Sie, Herr Kollege Wulff, fordern die Einstellung von 3.000 Lehrerinnen und Lehrern, um, wie Sie vorgeben, eine Unterrichtsgarantie sicherzustellen. Das haben Sie eben wieder gesagt. Sie haben versucht, einen ganz merkwürdigen Spagat hinzubekommen: Auf der einen Seite haben Sie gesagt, es sei eine riesige Sauerei, wie Bildungspolitik in der letzten Zeit gemacht worden sei; die habe dazu geführt, dass nicht genug Menschen Lehramt studieren oder Lehrerinnen oder Lehrer werden wollen. Auf der anderen Seite sagen Sie, Sie wollen 3.000 Lehrerinnen und Lehrer einstellen. Da habe ich den Zwischenruf gemacht: Wie wollen Sie das denn machen, wie wollen Sie das denn zusammenbekommen? - Darauf haben Sie gesagt: Das wollen wir bundesweit machen. - Also, er will den Lehrerklau, den sein Kollege Koch in Hessen macht, auch hier in Niedersachsen machen. Das ist die Methode Wulff.
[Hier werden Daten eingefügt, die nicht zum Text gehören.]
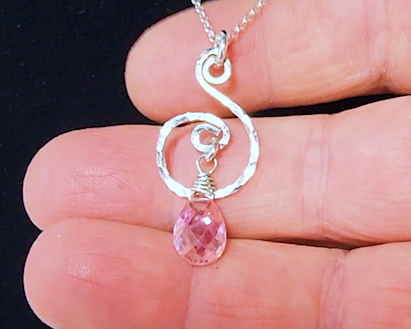 Pink Cubic Zirconia Healing Pendant hand forged design, a brilliant pink Cubic Zirconia dangle on Rolo chain on hand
Herr Kollege Wulff, Sie sollten einmal bei den Kultusministern der anderen CDU-regierten Bundesländer nachfragen.

(Wulff (Osnabrück) [CDU]: Ich brauche nicht nachzufragen! Fragen Sie doch nach!)

Die haben sich nämlich einstimmig gegen diese Methode Koch ausgesprochen. - Das ist die Methode, die Herr Wulff machen will. Der Koch braucht noch einen zweiten Koch, und der soll Wulff heißen. Aber das werden wir zu verhindern wissen, meine sehr verehrten Damen und Herren.